= TASK DESCRIPTION =
Every line below that holds the string "with" should be copied.

___ DATA ___

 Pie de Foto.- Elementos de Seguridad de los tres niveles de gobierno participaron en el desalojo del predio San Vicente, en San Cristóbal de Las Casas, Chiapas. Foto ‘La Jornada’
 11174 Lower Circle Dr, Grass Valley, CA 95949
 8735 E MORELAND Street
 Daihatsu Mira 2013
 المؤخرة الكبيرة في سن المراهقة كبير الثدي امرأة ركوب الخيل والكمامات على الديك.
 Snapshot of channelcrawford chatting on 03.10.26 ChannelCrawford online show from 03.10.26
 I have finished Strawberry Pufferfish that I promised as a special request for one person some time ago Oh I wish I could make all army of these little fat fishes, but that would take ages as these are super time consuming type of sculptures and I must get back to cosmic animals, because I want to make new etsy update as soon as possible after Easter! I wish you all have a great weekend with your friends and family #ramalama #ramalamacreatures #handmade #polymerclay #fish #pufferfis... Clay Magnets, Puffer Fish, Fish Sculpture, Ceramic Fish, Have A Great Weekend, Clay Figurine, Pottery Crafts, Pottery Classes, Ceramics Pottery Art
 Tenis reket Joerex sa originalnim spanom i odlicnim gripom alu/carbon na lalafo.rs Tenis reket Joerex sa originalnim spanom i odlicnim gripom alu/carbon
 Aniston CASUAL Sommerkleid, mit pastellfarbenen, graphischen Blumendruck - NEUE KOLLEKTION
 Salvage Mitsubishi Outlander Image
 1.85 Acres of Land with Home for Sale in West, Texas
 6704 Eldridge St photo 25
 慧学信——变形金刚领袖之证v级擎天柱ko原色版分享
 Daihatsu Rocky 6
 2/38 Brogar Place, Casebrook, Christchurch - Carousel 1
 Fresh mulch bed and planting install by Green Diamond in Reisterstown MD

___

= EXPECTED ANSWER =
 I have finished Strawberry Pufferfish that I promised as a special request for one person some time ago Oh I wish I could make all army of these little fat fishes, but that would take ages as these are super time consuming type of sculptures and I must get back to cosmic animals, because I want to make new etsy update as soon as possible after Easter! I wish you all have a great weekend with your friends and family #ramalama #ramalamacreatures #handmade #polymerclay #fish #pufferfis... Clay Magnets, Puffer Fish, Fish Sculpture, Ceramic Fish, Have A Great Weekend, Clay Figurine, Pottery Crafts, Pottery Classes, Ceramics Pottery Art
 1.85 Acres of Land with Home for Sale in West, Texas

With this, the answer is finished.